A Rússia não é nenhuma potência emergente. É uma antiga potência, que derrotou as forças de Napoleão e de Hitler. Herdou, como sucessora jurídica, vasto arsenal estratégico e não-estratégico (tático) de armas nucleares da extinta União Soviética, mais ou menos cerca de 1.800 ogivas nucleares estratégicas operacionais, reservas de 2.700, contra 1.950 operacionais e 2.500 de reserva dos Estados Unidos. Possui atualmente 558 plataformas estratégicas, com capacidade para carregar 2.500 ogivas nucleares, e disparar novos mísseis balísticos intercontinentais (ICBMs) – seis variantes, entre os quais R-36M2, UR-100NUTTH, Topol-M e Yars. Também dispõe de novos submarinos nucleares estratégicos, com mísseis balísticos (SSBN), o projeto 667BDR Kalmar, baseados na frota do Pacífico, em Rybachiy, e seis projetos 667BDRM Delfin, integrando a frota do Nordeste na baía de Yagelnaya.
O poderio nuclear da Rússia é mais ou menos igual ao dos Estados Unidos. A União Soviética não foi militarmente derrotada. O que esbarrondou foi um regime socialista estatal, autárquico, dentro de uma economia mundial de mercado. E não creio na possibilidade de showdown militar da OTAN com a Rússia, nem mesmo com forças convencionais. Cerca de 60% do abastecimento de gás da União Europeia passa pela Ucrânia e seria, necessariamente, destruído. É provável, entretanto, que ocorram conflitos militares locais.

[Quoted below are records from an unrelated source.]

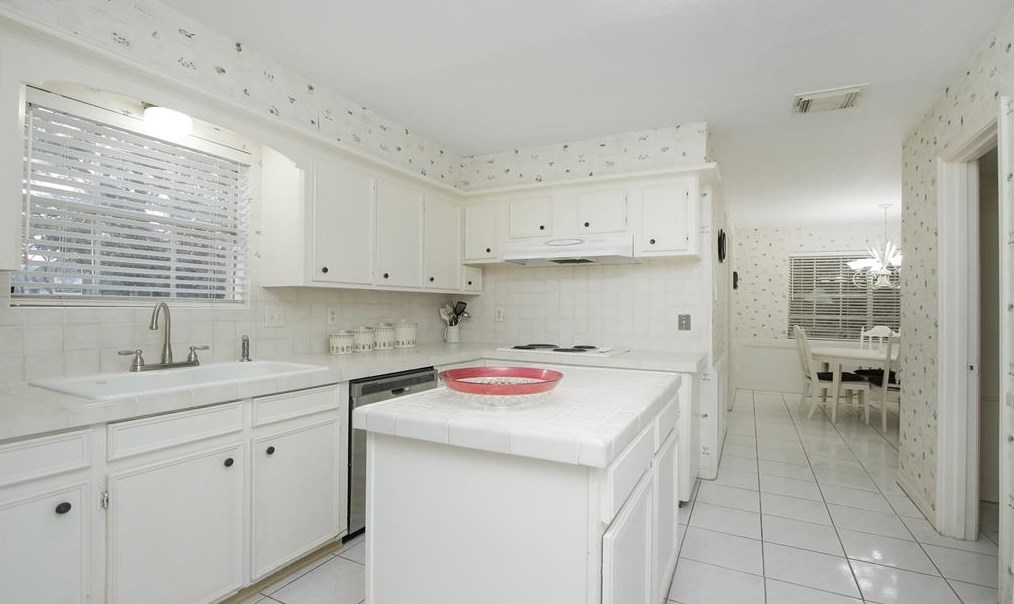 3918 Stillview Dr, Houston TX  77068-2918 exterior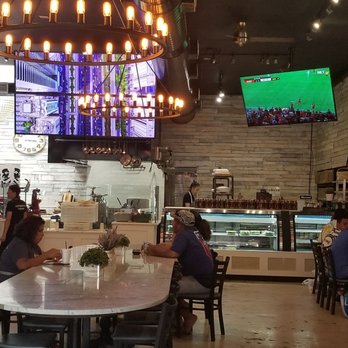 Due Amici Pizza & Pasta Bar - Pizza Near Me - Tampa, Florida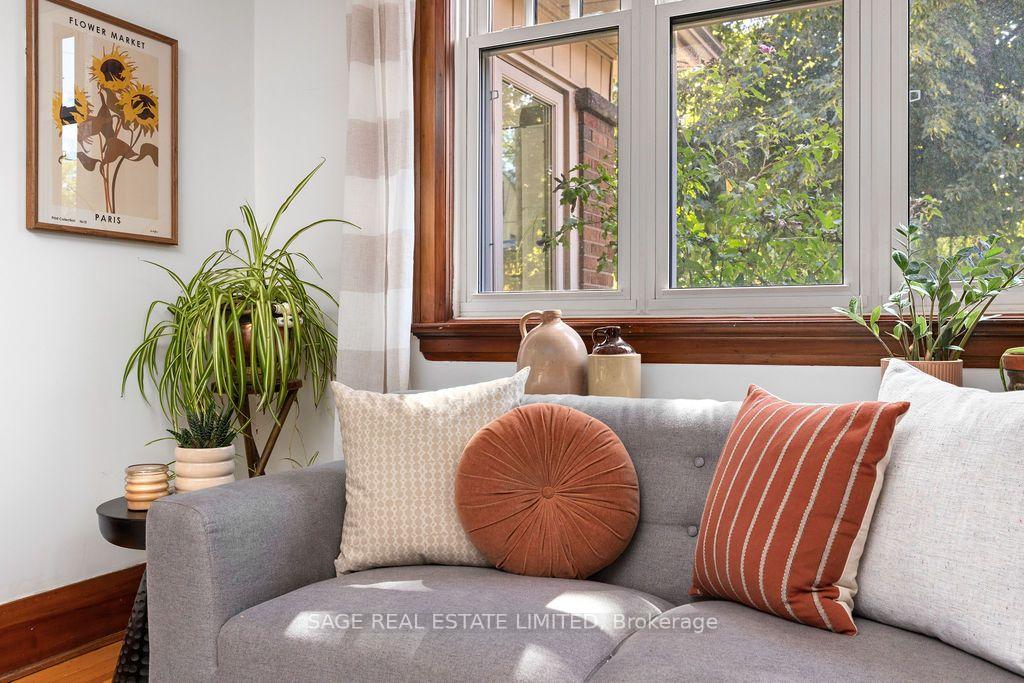 Photo 5 of 90 Methuen Avenue, Toronto, Lambton Baby Point — HOMEH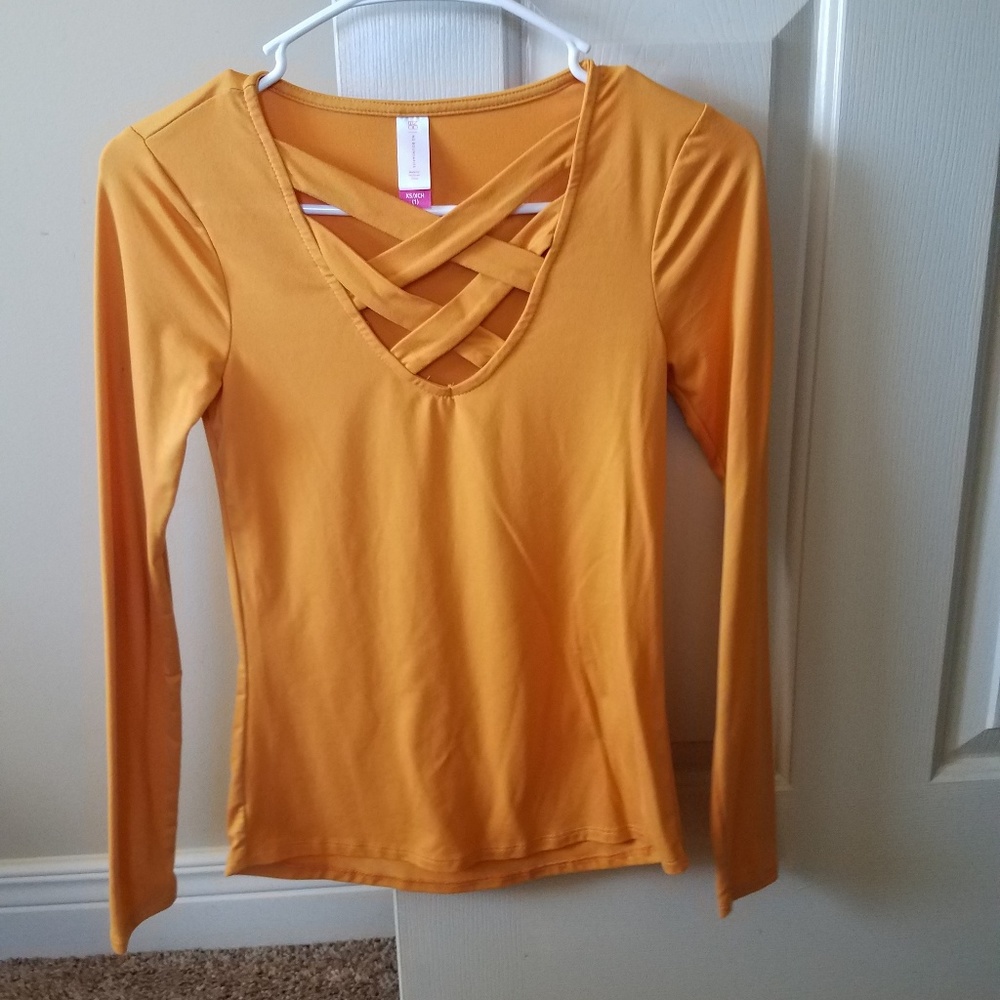 Mustard yellow top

As províncias do leste da Ucrânias, sobretudo, Donetsk e Lugansk tendem fortemente a realizar plebiscito para reintegrar-se à Rússia com a qual tem estreitos laços não apenas étnicos, mas econômicos. E Moscou pode intervir se o governo de Kiev, que não conta com o apoio de toda a população, e seus partidários intensificarem a repressão contra a os que se manifestam pró-Rússia no leste ou em outras regiões da Ucrânia. De modo geral, a perspectiva não é tranquila em toda a região. É imprevisível.